Bagdad : More than 27 people were killed as the Iraqi security forces stormed a Catholic church in central Baghdad on Sunday evening to free hundreds of hostages being held by gunmen there, security sources said on Monday.

The gunmen had been demanding release of al Qaeda prisoners.

The US military said between seven and 10 hostages and seven members of the Iraqi security forces, as well as five to seven attackers, were killed in the rescue operation. But the the casualty could be higher than the figures available on Monday morning as search for bodies was still going on, they said.

Witnesses reported seeing many bodies inside the church after the gunmen,wearing suicide vests, threw grenades or blew themselves up as Iraqi forces stormed the building.

The insurgents laid siege to one of Baghdad’s biggest churches as more than 100 parishioners attended Sunday mass in the central district near the heavily fortified Green Zone, home to embassies and the Iraqi Government.

Lieutenant Colonel Eric Bloom, a US military spokesman in Baghdad, said three militants detonated suicide vests as Iraq forces entered the church, Geo tv quoted him as saying.

He said a total of 120 hostages were held by the attackers, adding that 30 people were wounded.

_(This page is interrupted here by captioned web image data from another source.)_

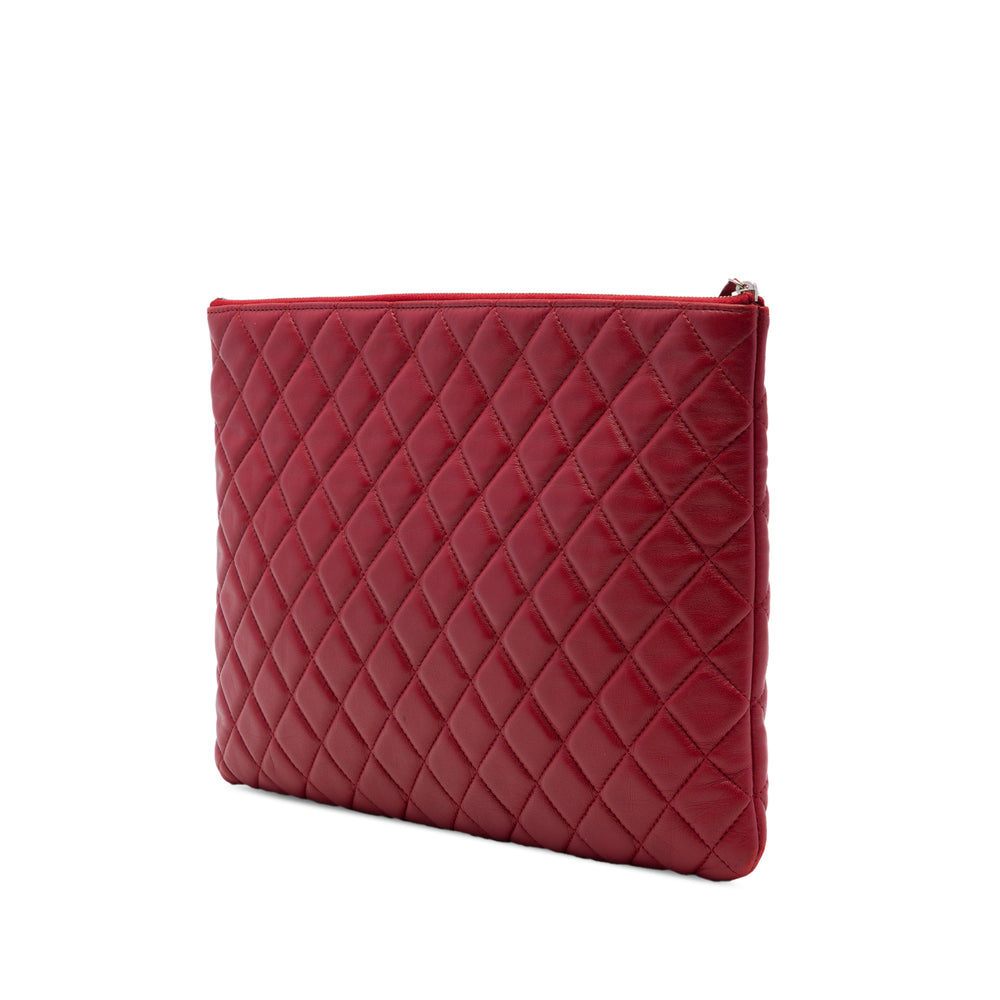 Chanel Pochette Matelassé O Étui Grand Cuir d'agneau Rouge – vue 2 – GABY PARIS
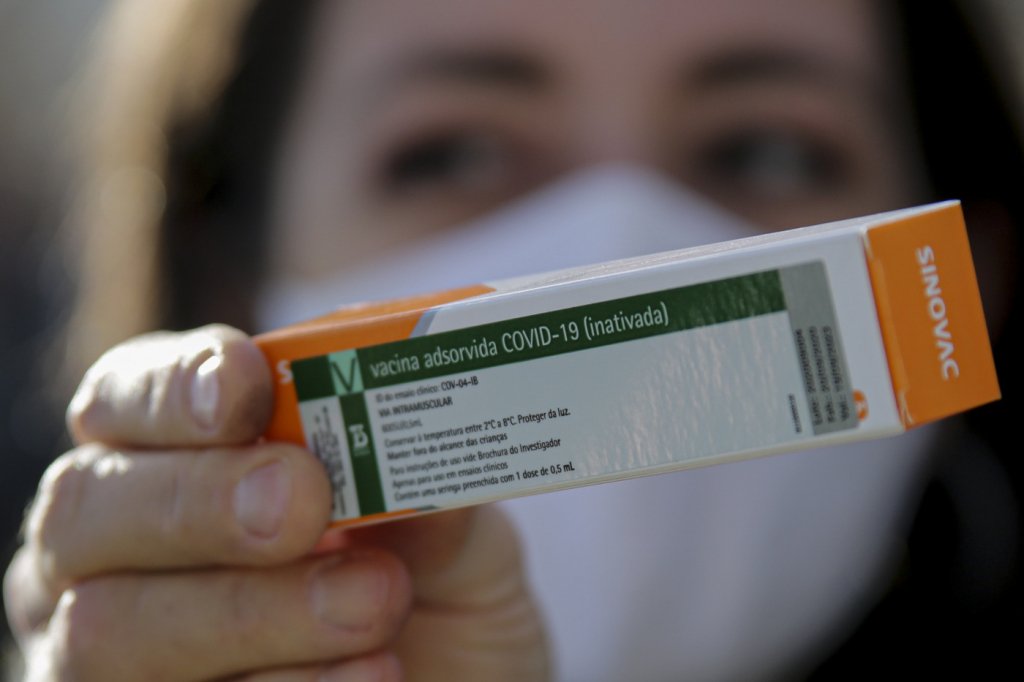 Ministério da Saúde quer adquirir mais 30 milhões de doses da CoronaVac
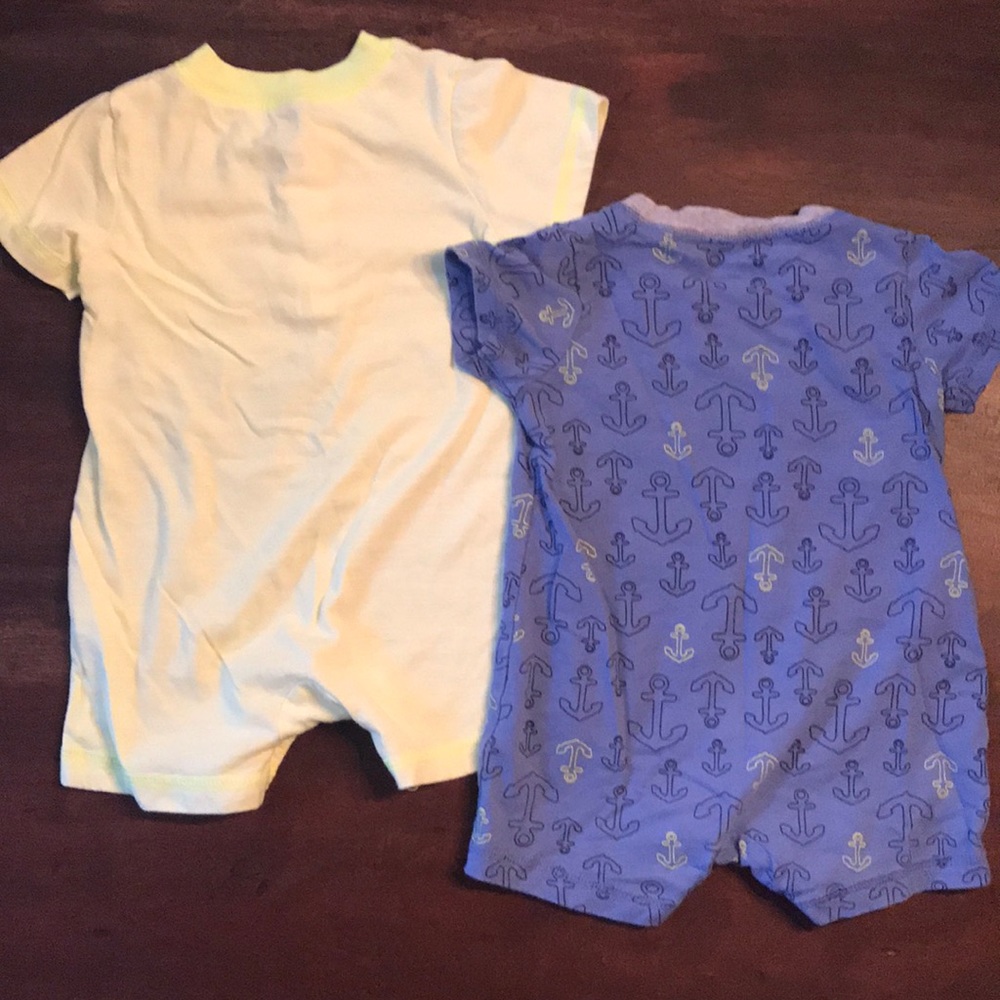 2 Carter’s Rompers 12Mo. - Picture 5 of 6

Colonel Kadhim Basheer Saleh, an Iraqi civil defence spokesman, said 15 civilians, four policemen and eight attackers were killed.

Al Qaeda’s Iraqi affiliate, the Islamic State of Iraq, claimed responsibility for the attack on “the dirty place of the infidel which Iraqi Christians have long used as a base to fight Islam”.

It said in a statement posted on a radical websites that it was an action against the Christian church in Egypt.

Iraqi security officials said they had been warned of possible attacks against large gatherings, especially churches.

“We expect attacks will continue and increase in the coming days,” said Lieutenant General Hussein Kamal, Iraq’s Deputy Interior Minister.

As Sunday’s operation unfolded, military helicopters flew low overhead and gunfire rang out through the densely populated residential area.

Streets around the Assyrian Catholic church were quickly cordoned off.

A woman who was held hostage in the Our Lady of Salvation Church said there were many bodies inside.

“While I was trying to find my way out, in the dark, I walked over bodies,” she said, asking not to be identified. “There are many bodies there.”

A police source said the attackers demanded release of al Qaeda prisoners, including the widow of Abu Omar al-Baghdadi, the former head of the Islamic State of Iraq, who was killed in April.

In a separate call to al-Baghdadiya television station, a man who claimed to be one of the attackers said the group also wanted al Qaeda prisoners released in Egypt.

Our Lady of Salvation, one of Baghdad’s largest churches, was one of five churches in Baghdad and Mosul hit in coordinated attacks in August 2004 in which 12 people were killed.

Christians number about a 1.5 million out of a total Iraqi population of about 23 million, the vast majority of them Muslims.

Christian denominations include Chaldeans, Copts, Roman and Melkite Catholics, Maronites and Greek Orthodox.

The local TV station, al-Baghdadiya, said it had received a phone call from someone claiming to be one of the attackers, who said they were from the Islamic State of Iraq, a Sunni militant umbrella group to which al-Qaeda in Iraq belongs.

Reports said the attackers were not Iraqis, but foreign Arabs.

The raid came two days after a suicide attack on a cafe in Diyala province left 21 people dead.

Police said a group of armed men began by attacking the Iraq Stock Exchange building, and then took over the Catholic church just across the road.